Work required: In the copy you make, keep each entry exactly as it is and leave out all images.

○ ○ ○ ○ ○ ○ ○

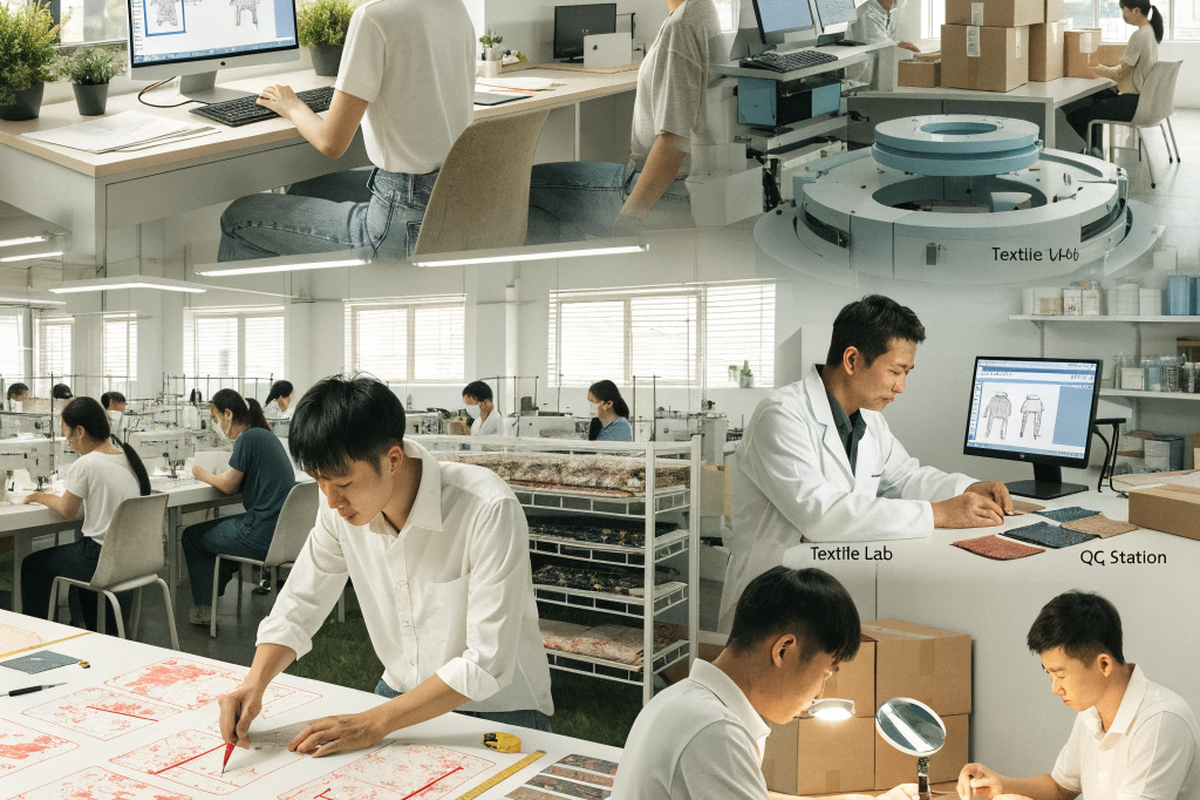 How Can Production Proof Be Checked?
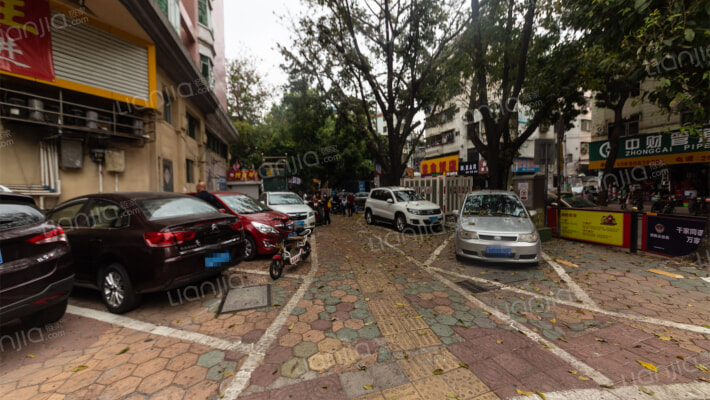 新力大厦外景图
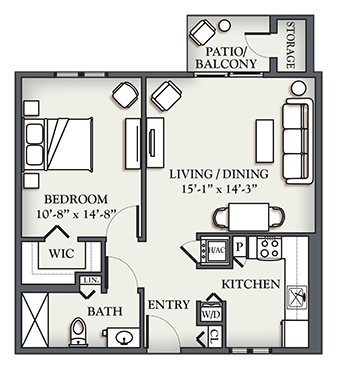 baden room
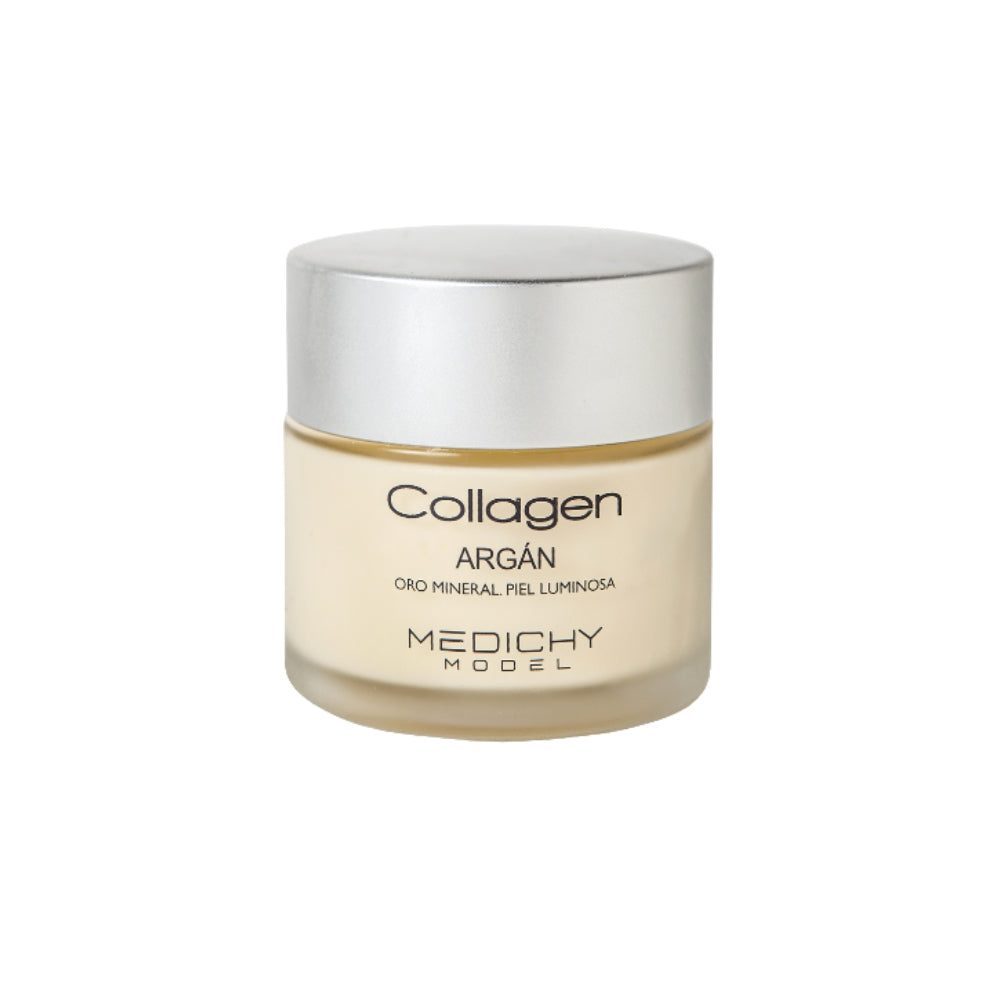 Crema Collagen Argan Oro Mineral 50 ml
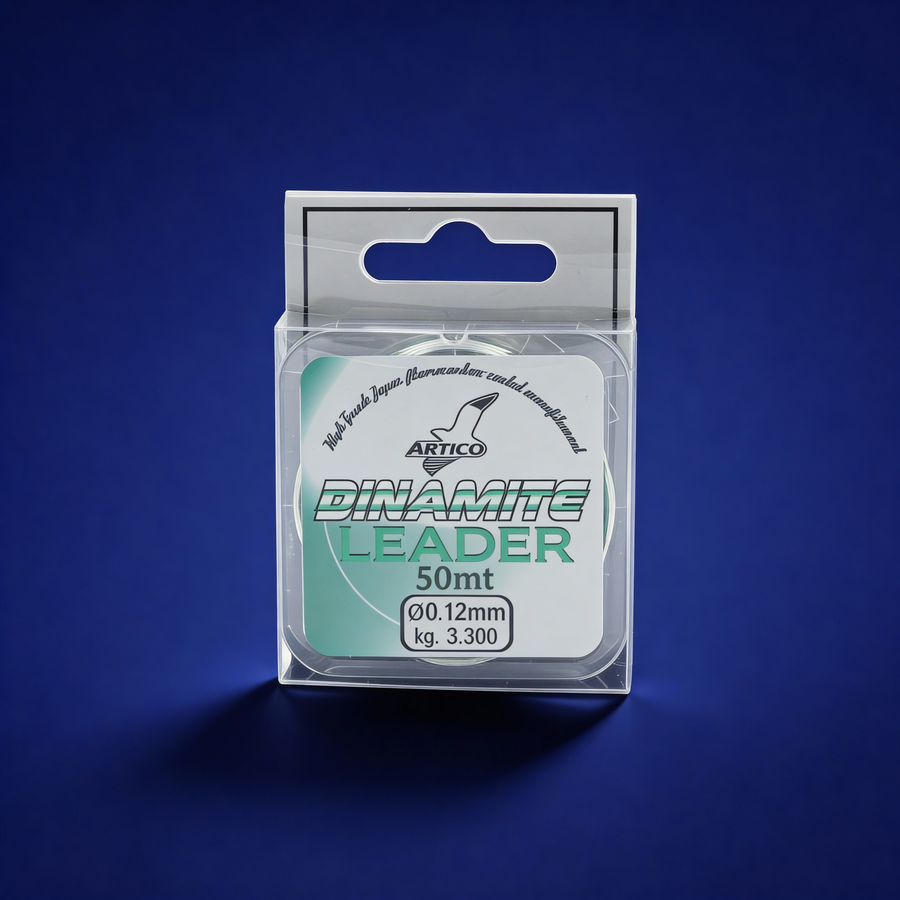 Fil Nylon bas de ligne pêche au toc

○ ○ ○ ○ ○ ○ ○

Exercise output:
 How Can Production Proof Be Checked?
 新力大厦外景图
 baden room
 Crema Collagen Argan Oro Mineral 50 ml
 Fil Nylon bas de ligne pêche au toc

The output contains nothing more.